Aquella noche te seguí por toda Roma (ciudad
divina, hija de dioses y hogar de Dios). Tu falta de presencia se me hizo
evidente. Llegué a pocos pasos de tu puerta. Tu tiro fue certero, saliste acompañada de
la mano de un extraño. Decepcionado, desalmado, embriagado, me arrastre imitando las
paredes para que no sospecharas. En cada recodo tomaba valentía y el elixir
que traía escondido. No sirvió para nada.
Allegra, cuando te conocí, aquí en tu
ciudad, no pude más que pensar que era
el lugar indicado para tu nombre. Alegre era la noche, alegre era la urbe,
alegre eras tú y alegre era yo. El tiempo se detuvo, las estrellas
resplandecieron y tu sonrisa invadió mi esencia. Así se sucedieron las horas y
los amaneceres. Nuestros encuentros fueron cada vez más intensos. Un día o una
noche, ya ni recuerdo, decidiste des-dibujarte. Me desesperé, te extrañé, lloré y enloquecí.
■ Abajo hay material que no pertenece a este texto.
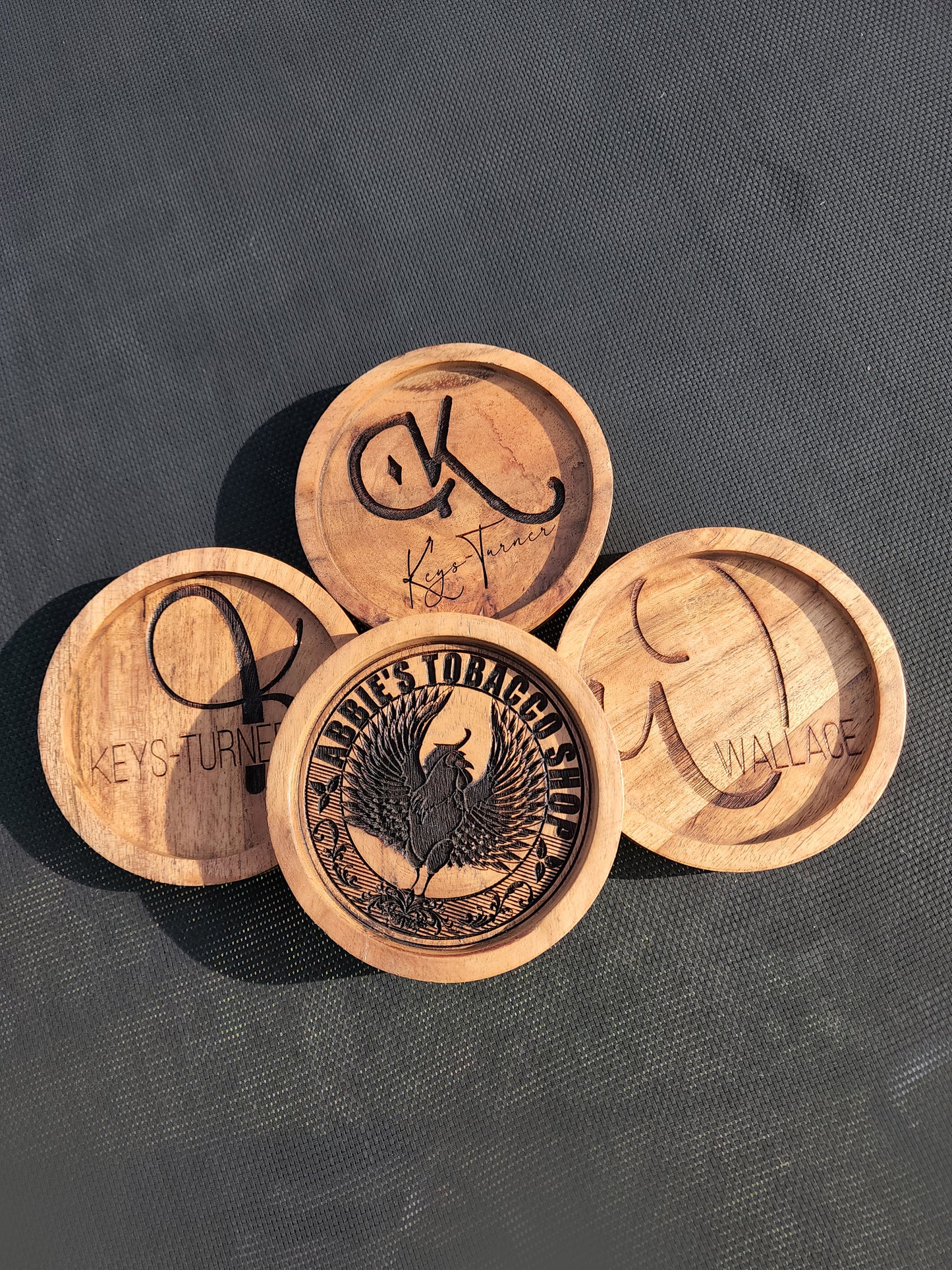 Acacia 4" Coasters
Desde las sombras te veo en la terraza,
alegre como siempre, regalando tus dones al incauto que hoy elegiste. No lo pienso, busco en mis bolsillos,
encuentro mi encendedor, me acerco a la puerta, vacío la botella, y lentamente
desato el infierno. Se acaban las risas
y resuenan los gritos. El rojo lo invade todo. Me doy media vuelta, camino
tranquilo y de soslayo veo tus ojos, ojos que imploran. Sigo caminando.